Is there an equivalent to SCHEMA.INI for reading Excel Workbooks - excel

I am currently working on a project that will import data from multiple different sources in a variety of formats and structures - e.g., CSV, fixed-length, other-delimited (tab, pipe, etc.) plain-text, and Excel worksheets/workbooks. For this, I'm attempting to build "generic" readers for these files which will throw the files' contents into a DataTable/DataSet I can use in other methods. The plain-text files are pretty simple as I've created a large SCHEMA.INI file which contains field definitions for each of the files the system will handle. That SCHEMA.INI resides in a "processing folder" where the files are temporarily stored until their data has been integrated with other systems.
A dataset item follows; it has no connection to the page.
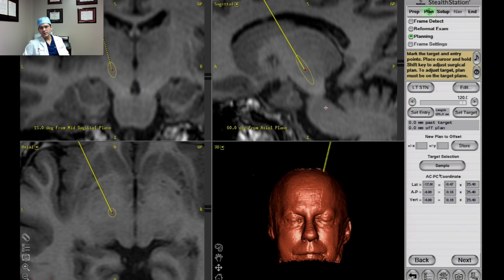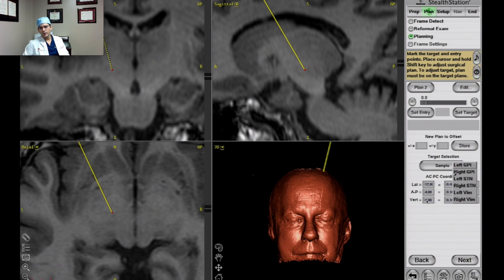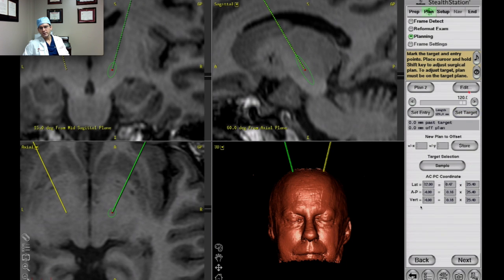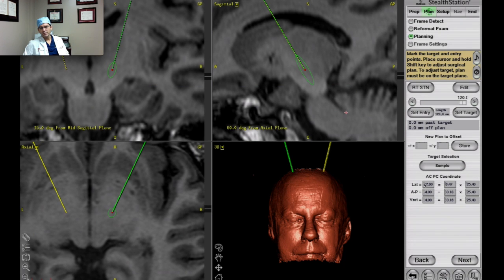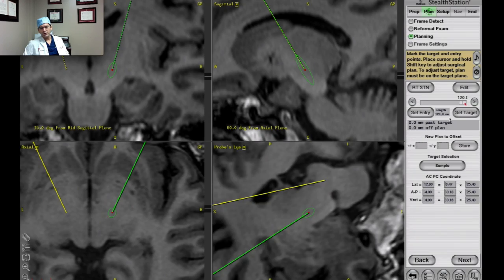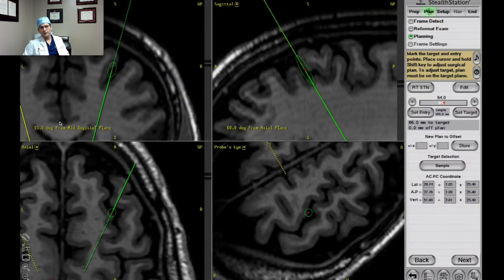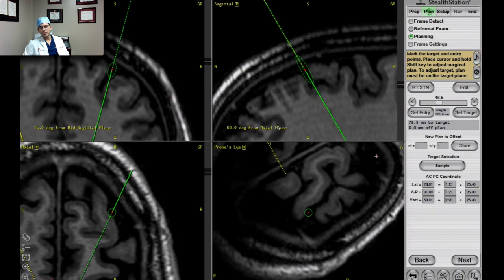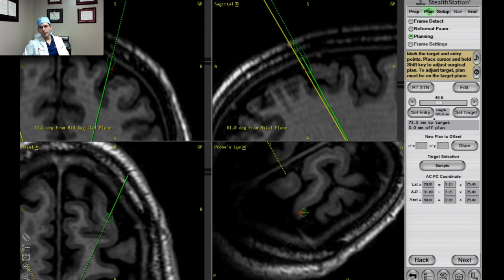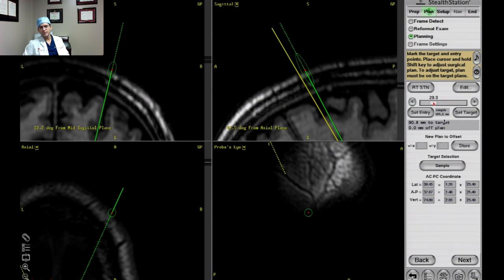Now what I'm doing here is using the user-defined coordinates. This version of Stealth — 12.4.4 — has defined indirect consensus coordinates for the STN. I make that my target; this is a starting point, not my actual target. You can see a default of 15 degrees from the mid-coronal plane, 60 degrees from the axial plane, and it's a 120-millimeter trajectory — that's given automatically as soon as you set the target. Now I'm going to refine it.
A defined text files' data can be easily extracted using this method:
Private Function TextFileToDataTable(ByVal TextFile As IO.FileInfo) As DataTable
Dim TextFileData As New DataTable("TextFileData")
Using TapeFileConnect As New OleDb.OleDbConnection("Provider=Microsoft.Jet.OleDb.4.0;Data Source='" + TextFile.DirectoryName + "';Extended Properties='Text';")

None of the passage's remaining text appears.